Ferritic steels have ferrite (body centered cubic crystal) as their main phase. These steels contain iron and chromium, based on the Type 430 composition of 17% chromium. Ferritic steel is less ductile than austenitic steel and is not hardenable by heat treatment.

The characteristic orthorhombic martensite microstructure was first observed by German microscopist Adolf Martens around 1890. Martensitic steels are low carbon steels built around the Type 410 composition of iron, 12% chromium, and 0.12% carbon. They may be tempered and hardened. Martensite gives steel great hardness, but it also reduces its toughness and makes it brittle, so few steels are fully hardened.

There are also other grades of stainless steels, such as precipitation-hardened, duplex, and cast stainless steels.
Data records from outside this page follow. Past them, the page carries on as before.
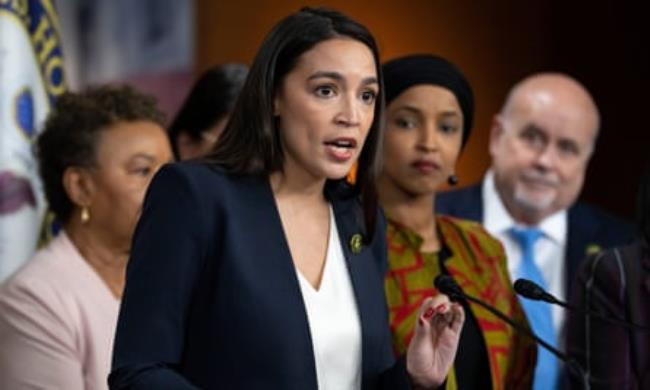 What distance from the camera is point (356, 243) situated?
90.9 inches

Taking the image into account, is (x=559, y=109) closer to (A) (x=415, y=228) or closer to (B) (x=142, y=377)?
(A) (x=415, y=228)

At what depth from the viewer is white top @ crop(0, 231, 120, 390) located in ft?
8.91

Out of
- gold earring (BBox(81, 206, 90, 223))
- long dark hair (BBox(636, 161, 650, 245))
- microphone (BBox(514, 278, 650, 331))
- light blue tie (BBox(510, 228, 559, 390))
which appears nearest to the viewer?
microphone (BBox(514, 278, 650, 331))

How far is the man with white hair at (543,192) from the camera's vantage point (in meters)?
3.71

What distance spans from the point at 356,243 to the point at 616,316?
69 cm

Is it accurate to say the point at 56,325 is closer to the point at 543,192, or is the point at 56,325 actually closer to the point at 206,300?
the point at 206,300

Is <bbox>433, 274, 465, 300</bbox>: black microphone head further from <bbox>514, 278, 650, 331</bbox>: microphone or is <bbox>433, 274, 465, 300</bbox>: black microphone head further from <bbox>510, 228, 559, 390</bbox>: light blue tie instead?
<bbox>510, 228, 559, 390</bbox>: light blue tie

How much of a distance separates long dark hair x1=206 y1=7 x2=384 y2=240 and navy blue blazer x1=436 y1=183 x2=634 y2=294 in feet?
4.94

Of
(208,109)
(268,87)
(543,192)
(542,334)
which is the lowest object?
(542,334)

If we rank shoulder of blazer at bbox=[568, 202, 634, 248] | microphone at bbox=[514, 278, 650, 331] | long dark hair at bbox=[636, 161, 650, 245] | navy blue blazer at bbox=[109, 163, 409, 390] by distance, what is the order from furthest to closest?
shoulder of blazer at bbox=[568, 202, 634, 248], long dark hair at bbox=[636, 161, 650, 245], microphone at bbox=[514, 278, 650, 331], navy blue blazer at bbox=[109, 163, 409, 390]

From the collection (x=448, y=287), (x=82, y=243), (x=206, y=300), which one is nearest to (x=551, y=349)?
(x=448, y=287)

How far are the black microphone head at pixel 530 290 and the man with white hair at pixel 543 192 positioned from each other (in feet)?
4.36

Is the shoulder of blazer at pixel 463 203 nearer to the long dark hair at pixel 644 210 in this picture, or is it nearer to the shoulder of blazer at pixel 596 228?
the shoulder of blazer at pixel 596 228

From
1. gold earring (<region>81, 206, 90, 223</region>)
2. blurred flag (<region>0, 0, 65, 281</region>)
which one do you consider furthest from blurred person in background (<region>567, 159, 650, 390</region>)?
blurred flag (<region>0, 0, 65, 281</region>) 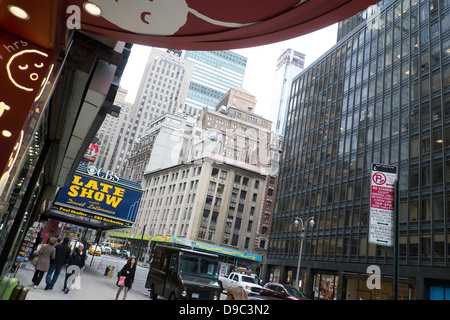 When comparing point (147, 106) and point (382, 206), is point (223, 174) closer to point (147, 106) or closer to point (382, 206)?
point (382, 206)

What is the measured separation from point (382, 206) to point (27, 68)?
11.0m

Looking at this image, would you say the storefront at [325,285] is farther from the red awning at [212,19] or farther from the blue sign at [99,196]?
the red awning at [212,19]

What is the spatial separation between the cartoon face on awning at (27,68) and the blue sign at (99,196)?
597 inches

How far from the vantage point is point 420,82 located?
3875 centimetres

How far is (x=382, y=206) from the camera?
37.7 ft

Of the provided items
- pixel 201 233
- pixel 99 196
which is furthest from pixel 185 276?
pixel 201 233

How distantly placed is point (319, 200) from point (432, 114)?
758 inches

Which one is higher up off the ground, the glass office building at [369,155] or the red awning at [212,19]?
the glass office building at [369,155]

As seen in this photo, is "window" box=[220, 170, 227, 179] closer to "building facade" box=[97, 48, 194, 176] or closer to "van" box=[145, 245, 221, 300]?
"van" box=[145, 245, 221, 300]

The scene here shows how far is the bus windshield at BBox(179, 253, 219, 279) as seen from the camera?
46.9ft

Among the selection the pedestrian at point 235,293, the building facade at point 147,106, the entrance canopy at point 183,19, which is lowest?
the pedestrian at point 235,293

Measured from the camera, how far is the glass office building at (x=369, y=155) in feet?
111

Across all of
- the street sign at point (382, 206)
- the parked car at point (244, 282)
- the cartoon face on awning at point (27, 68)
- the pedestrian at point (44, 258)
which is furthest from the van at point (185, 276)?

Stainless steel can be produced in a variety of finishes and textures and can be tinted over a broad spectrum of colors.

There is some dispute over whether the corrosion resistance of stainless steel can be enhanced by the process of passivation. Essentially, passivation is the removal of free iron from the surface of the steel. This is performed by immersing the steel in an oxidant, such as nitric acid or citric acid solution. Since the top layer of iron is removed, passivation diminishes surface discoloration. While passivation does not affect the thickness or effectiveness of the passive layer, it is useful in producing a clean surface for a further treatment, such as plating or painting. On the other hand, if the oxidant is incompletely removed from the steel, as sometimes happens in pieces with tight joints or corners, then crevice corrosion may result. Most research indicates that diminishing surface particle corrosion does not reduce susceptibility to pitting corrosion.

Steel Pipe Fittings
     Stainless steel pipe fittings like elbow, bend, stubend, tee, union, reducer and nipple are manufactured to suit all types needs including high-temperature service, ordinary use and special applications.
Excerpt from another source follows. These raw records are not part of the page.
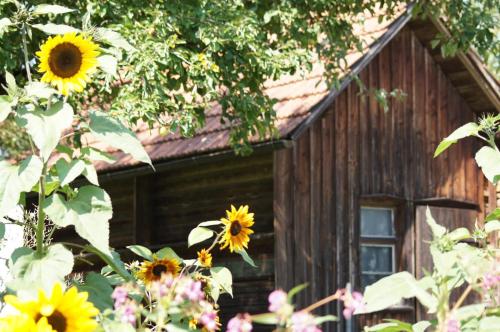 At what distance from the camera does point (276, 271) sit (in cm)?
1130

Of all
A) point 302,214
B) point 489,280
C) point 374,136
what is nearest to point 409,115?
point 374,136

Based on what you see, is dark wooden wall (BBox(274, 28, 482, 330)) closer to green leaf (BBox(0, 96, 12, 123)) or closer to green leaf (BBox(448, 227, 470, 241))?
green leaf (BBox(448, 227, 470, 241))

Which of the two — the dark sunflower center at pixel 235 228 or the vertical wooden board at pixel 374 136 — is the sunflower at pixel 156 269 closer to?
the dark sunflower center at pixel 235 228

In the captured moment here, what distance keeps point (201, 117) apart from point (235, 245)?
5416 millimetres

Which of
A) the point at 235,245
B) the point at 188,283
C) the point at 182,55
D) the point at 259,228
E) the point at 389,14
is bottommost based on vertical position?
the point at 188,283

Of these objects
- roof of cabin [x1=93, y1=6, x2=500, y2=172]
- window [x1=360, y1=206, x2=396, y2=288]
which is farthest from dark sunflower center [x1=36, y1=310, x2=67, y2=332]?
window [x1=360, y1=206, x2=396, y2=288]

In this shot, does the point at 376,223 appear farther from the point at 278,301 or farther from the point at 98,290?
the point at 278,301

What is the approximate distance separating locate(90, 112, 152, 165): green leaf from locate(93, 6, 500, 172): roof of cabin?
25.3ft

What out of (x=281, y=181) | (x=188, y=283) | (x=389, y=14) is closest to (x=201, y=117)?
(x=281, y=181)

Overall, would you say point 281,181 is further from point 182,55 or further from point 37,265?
point 37,265

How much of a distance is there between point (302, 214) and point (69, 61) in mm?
8706

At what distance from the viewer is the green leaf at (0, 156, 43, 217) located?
271 centimetres

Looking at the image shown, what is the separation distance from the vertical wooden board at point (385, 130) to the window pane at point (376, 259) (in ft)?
2.26

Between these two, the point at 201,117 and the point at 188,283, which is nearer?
the point at 188,283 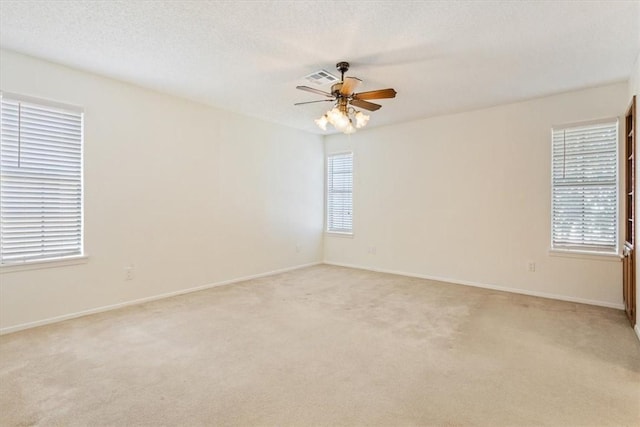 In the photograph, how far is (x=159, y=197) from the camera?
165 inches

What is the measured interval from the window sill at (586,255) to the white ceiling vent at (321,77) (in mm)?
3469

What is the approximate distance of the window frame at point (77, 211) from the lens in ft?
10.2

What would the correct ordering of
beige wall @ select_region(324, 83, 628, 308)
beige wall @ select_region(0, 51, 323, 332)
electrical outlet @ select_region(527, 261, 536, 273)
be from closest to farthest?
1. beige wall @ select_region(0, 51, 323, 332)
2. beige wall @ select_region(324, 83, 628, 308)
3. electrical outlet @ select_region(527, 261, 536, 273)

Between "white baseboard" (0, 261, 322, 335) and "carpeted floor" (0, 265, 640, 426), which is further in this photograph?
"white baseboard" (0, 261, 322, 335)

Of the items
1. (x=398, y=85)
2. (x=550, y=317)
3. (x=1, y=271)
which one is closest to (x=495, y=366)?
(x=550, y=317)

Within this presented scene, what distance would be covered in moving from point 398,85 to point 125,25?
273 cm

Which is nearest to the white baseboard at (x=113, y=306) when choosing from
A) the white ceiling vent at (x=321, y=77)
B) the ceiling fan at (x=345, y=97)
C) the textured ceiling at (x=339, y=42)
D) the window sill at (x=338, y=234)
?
the window sill at (x=338, y=234)

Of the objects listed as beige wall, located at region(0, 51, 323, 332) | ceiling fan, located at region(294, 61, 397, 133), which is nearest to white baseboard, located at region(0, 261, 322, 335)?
beige wall, located at region(0, 51, 323, 332)

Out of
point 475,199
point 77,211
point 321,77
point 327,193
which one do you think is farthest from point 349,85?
point 327,193

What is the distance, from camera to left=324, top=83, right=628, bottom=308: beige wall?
407 cm

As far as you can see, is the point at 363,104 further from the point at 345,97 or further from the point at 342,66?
the point at 342,66

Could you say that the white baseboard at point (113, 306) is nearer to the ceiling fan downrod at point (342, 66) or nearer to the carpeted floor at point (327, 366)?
the carpeted floor at point (327, 366)

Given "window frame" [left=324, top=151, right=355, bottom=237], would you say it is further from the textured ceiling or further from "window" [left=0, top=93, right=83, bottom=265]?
"window" [left=0, top=93, right=83, bottom=265]

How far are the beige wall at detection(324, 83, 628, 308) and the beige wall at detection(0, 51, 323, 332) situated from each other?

Elbow An angular or jointed part, steel elbow are used during the installation of pipes that allow for easy connection between pipes and smoothen the flow disturbances, reduce swirl and develop highly symmetrical flow with minimal pressure loss.

Bend The curved portion of tube or pipe, bend computes reaction force, downstream pressure, and velocities. Their are various angle in degrees to which the pipe bends are formed i.e. 45 degrees, 90 degrees, 180 degrees, which lessens the flow resistance and possible leakage.

Stubend Providing joints between plain end pipes and pipe fittings, steel stubend are non-corrosive, non-toxic, high abrasion resistance that are resilience to shocks and have almost unlimited lifetime usage.

Tee A tee is used for connecting pipes of different diameters or for changing the direction of pipe runs. A common type of pipe tee is the straight tee, which has a straight-through portion and a 90-degree takeoff on one side.

Reducer Reducer provides an excellent tube & pipe end forming that suffice the need to connect two lengths of pipe together in a straight line. Before buying a reducer, buyer should make sure that they have both sizes of pipe that has to be connected.

Flanges Flanges are made for or tube. Whether set on wood, concrete, walls, or stairs, flanges can be used as slip flanges with or without a set screw and can be welded to pipe posts or anchored with set screws or expansion bolts.

Nipple Coupling A nipple coupling is a short length of pipe with a male thread on each end. It is used for extension from a fitting and at times, one may use the dielectric or insulating type of fittings.

Union There are two types of pipe unions. The ground joint union consists of three pieces, and the flange union is made in two parts. Both types are used for joining two pipes together and are designed so that they can be disconnected easily.

Socket An opening or a cavity into which an inserted part is designed to fit, socket is used in a pipe with an expansion at one end to receive the end of a connecting pipe.

Valves A movable control element, valves regulate the flow of gases, liquids or loose materials through piping by opening, closing or obstructing ports or passageways.